А. Вийар выделяет два типа бессмертия по Унамуно. Первый тип - это абсолютное бессмертие. В десятой главе «О трагическом чувстве жизни» он говорит, что есть связь между научной концепцией энтропии (о том, что все стремится к финальному состоянию гомогенности) и мистической идеей апокатастасиса (финального триумфа божественного духа). Может быть, думает Унамуно, универсум начался с духовного нуля и бесконечности материи и кончится он бесконечностью духа и нулем материи? Может быть финальное возвращение всего к Богу и есть тот идеал, к которому все стремятся и никогда не придут, то вечное счастье? Он не формулирует ответы. Может быть, в том и есть первородный грех человека, в нежелании терять свое самосознание даже на алтаре сознания вечного и прекрасного? Лучше уж вечно приближаться и не придти никогда, лучше уж вечное чистилище, считает Унамуно. Второй тип бессмертия - это бессмертие в других, как память, выражаемое посредством репродукции и творчества. Таким образом, голод по бессмертию подобно маятнику раскачивается от крайности быть всем остальным до другой крайности - всегда оставаться самим собой.

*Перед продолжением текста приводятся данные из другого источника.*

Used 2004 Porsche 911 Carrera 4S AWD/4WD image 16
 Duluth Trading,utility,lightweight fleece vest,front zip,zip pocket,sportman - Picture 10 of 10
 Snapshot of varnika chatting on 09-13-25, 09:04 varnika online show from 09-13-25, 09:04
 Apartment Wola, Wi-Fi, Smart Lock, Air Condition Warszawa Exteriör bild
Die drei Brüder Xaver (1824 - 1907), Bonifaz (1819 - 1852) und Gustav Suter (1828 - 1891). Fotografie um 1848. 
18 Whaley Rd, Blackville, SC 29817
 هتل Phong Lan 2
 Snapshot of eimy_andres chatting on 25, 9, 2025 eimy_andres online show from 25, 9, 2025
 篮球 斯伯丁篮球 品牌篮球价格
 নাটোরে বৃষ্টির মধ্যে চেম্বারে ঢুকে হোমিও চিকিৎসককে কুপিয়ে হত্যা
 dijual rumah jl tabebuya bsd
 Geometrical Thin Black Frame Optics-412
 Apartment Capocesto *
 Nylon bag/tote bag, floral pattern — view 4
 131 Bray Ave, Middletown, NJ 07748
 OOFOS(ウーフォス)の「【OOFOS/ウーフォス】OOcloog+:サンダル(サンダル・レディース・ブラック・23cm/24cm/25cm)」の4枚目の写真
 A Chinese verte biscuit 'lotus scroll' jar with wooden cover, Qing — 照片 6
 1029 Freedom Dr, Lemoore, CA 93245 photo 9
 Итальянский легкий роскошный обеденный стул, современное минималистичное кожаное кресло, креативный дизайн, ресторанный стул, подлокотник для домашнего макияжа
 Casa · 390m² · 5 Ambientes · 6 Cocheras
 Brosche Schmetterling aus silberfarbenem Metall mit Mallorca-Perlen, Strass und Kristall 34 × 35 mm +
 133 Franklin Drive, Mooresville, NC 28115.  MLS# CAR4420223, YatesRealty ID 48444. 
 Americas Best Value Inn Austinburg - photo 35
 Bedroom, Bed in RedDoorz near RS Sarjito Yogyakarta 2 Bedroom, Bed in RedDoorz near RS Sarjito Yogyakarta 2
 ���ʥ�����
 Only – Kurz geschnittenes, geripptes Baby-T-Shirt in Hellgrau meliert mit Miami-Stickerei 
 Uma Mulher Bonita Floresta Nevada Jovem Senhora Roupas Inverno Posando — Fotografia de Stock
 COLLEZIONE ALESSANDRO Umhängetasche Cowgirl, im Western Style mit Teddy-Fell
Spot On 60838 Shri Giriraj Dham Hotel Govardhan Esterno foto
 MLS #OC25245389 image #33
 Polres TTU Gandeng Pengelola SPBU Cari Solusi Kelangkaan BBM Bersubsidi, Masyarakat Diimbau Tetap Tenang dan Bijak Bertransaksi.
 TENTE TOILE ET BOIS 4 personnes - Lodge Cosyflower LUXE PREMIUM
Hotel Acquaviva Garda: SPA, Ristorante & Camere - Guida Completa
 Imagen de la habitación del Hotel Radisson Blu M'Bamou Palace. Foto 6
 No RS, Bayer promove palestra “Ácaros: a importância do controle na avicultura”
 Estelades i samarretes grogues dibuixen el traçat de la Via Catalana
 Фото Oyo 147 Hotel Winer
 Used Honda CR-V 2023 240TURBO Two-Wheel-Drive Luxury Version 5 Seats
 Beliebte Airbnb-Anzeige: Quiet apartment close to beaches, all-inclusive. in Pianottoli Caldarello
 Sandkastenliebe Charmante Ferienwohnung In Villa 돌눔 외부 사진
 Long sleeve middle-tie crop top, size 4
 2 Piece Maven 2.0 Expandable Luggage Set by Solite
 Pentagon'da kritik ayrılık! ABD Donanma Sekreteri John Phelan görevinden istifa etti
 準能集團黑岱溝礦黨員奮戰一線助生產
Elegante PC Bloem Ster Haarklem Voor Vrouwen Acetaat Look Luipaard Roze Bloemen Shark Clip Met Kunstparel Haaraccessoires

Всякое сознание (соучаствующее познание, сочувствие) есть, по замечанию Унамуно, осознание смерти и боли. Самосознание - это осознание своей собственной ограниченности, оно происходит через боль. Боль, свою очередь, - это стремление преодолеть свои границы, сохранив самоопределенность. Это борьба за все большую полноту сознания [Унамуно 1996, 143-145]. Боль, страдание - неотъемлемые спутники человека.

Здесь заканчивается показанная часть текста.